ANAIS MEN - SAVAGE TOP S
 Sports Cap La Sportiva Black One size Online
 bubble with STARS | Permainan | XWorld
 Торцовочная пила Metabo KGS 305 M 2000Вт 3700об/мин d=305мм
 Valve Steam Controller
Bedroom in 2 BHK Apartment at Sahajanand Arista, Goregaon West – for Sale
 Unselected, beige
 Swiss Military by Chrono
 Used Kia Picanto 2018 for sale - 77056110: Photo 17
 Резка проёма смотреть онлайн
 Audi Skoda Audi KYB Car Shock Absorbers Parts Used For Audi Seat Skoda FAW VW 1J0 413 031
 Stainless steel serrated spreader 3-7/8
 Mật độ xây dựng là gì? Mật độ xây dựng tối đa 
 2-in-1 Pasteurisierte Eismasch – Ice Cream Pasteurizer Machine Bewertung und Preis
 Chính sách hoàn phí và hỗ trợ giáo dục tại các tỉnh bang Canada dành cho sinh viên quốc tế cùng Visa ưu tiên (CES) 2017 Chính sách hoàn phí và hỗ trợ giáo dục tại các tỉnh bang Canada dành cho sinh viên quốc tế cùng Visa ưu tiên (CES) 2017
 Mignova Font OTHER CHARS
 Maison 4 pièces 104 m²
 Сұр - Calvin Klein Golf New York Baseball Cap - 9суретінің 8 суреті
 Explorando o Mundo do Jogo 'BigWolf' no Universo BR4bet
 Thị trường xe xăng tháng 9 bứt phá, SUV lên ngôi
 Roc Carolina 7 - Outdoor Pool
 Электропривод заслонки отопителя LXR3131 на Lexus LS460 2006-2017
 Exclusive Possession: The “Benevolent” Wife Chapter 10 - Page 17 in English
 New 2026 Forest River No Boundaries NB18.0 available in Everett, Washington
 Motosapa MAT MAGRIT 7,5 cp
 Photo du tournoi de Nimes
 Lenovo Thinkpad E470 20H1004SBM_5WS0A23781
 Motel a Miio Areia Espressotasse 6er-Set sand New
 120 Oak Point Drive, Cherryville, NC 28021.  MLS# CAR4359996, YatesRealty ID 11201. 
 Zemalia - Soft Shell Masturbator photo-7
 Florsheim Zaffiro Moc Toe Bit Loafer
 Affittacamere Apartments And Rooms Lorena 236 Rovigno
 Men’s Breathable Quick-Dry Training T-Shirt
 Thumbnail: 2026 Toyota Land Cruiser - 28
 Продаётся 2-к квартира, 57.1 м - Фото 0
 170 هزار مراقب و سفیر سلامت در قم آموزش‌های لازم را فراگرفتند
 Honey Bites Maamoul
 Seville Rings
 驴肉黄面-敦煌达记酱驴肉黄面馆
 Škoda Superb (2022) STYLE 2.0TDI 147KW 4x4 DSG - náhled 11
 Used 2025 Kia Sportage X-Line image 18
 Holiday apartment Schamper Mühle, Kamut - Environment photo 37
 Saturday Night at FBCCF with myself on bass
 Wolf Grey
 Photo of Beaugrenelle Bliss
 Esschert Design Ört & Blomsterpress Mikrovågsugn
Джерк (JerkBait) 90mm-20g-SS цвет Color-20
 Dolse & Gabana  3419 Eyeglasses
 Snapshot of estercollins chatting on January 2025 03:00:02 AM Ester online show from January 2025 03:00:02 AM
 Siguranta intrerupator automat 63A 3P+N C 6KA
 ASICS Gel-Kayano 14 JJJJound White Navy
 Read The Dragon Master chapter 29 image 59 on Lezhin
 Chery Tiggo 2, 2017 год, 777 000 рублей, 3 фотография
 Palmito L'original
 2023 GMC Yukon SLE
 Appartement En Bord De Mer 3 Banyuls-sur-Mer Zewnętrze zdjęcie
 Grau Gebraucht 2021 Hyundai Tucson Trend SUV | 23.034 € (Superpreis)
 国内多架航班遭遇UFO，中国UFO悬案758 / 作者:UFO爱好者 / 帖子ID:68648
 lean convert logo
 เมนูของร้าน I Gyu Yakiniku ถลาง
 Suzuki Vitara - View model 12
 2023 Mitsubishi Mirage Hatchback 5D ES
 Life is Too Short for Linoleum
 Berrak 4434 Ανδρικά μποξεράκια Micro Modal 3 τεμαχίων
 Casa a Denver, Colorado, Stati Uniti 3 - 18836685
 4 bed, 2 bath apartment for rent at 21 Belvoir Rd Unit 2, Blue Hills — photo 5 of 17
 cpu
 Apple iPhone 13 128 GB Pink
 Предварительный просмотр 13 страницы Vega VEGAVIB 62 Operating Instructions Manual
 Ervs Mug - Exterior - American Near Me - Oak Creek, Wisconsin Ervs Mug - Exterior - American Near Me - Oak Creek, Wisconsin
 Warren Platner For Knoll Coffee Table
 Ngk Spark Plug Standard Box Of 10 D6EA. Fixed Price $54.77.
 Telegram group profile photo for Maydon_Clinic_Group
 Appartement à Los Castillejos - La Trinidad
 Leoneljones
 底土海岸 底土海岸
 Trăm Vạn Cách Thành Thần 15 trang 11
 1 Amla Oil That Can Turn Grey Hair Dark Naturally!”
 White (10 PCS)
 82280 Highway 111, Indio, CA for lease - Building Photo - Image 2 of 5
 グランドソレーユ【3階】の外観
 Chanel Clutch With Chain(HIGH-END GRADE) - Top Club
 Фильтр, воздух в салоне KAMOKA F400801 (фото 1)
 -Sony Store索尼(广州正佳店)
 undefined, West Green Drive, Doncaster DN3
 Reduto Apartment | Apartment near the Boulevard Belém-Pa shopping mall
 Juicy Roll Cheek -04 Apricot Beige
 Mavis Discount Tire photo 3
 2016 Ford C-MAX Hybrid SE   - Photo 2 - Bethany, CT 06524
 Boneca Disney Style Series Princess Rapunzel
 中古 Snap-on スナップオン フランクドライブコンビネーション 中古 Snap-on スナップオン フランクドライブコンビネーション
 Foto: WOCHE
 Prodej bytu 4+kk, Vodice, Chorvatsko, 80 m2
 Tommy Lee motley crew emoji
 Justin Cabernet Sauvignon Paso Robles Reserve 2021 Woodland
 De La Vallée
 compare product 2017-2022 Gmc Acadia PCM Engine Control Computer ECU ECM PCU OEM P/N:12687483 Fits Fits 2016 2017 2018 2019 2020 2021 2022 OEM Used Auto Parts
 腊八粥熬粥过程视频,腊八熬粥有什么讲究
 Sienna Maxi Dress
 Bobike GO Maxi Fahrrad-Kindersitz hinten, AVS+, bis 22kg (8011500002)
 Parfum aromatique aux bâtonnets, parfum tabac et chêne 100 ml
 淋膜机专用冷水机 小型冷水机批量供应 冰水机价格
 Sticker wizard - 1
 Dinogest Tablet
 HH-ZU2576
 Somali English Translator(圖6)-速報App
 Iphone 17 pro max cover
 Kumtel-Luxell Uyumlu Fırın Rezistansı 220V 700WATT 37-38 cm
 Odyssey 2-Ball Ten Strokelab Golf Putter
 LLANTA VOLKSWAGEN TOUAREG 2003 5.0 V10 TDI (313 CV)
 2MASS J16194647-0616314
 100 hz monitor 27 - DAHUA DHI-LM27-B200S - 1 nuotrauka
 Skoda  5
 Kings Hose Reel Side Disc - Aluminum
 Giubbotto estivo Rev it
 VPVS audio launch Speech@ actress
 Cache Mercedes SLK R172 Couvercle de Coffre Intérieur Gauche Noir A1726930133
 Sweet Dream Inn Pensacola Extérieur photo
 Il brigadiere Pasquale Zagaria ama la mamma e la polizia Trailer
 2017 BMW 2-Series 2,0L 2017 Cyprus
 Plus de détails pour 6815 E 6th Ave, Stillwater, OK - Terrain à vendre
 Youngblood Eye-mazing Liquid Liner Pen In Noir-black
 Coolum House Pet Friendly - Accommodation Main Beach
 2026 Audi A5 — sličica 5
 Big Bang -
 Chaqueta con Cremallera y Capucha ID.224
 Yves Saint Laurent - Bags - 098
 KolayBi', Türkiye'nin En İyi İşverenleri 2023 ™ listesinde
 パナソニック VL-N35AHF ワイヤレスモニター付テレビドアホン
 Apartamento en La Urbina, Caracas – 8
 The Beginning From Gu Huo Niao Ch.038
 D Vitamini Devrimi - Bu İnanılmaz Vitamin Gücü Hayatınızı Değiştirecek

──────

Reproduce, exactly as they stand in the data above, the lines from the one that holds "Roc Carolina 7 - Outdoor Pool" to the one that holds "Florsheim Zaffiro Moc Toe Bit Loafer", inclusive.

 Roc Carolina 7 - Outdoor Pool
 Электропривод заслонки отопителя LXR3131 на Lexus LS460 2006-2017
 Exclusive Possession: The “Benevolent” Wife Chapter 10 - Page 17 in English
 New 2026 Forest River No Boundaries NB18.0 available in Everett, Washington
 Motosapa MAT MAGRIT 7,5 cp
 Photo du tournoi de Nimes
 Lenovo Thinkpad E470 20H1004SBM_5WS0A23781
 Motel a Miio Areia Espressotasse 6er-Set sand New
 120 Oak Point Drive, Cherryville, NC 28021.  MLS# CAR4359996, YatesRealty ID 11201. 
 Zemalia - Soft Shell Masturbator photo-7
 Florsheim Zaffiro Moc Toe Bit Loafer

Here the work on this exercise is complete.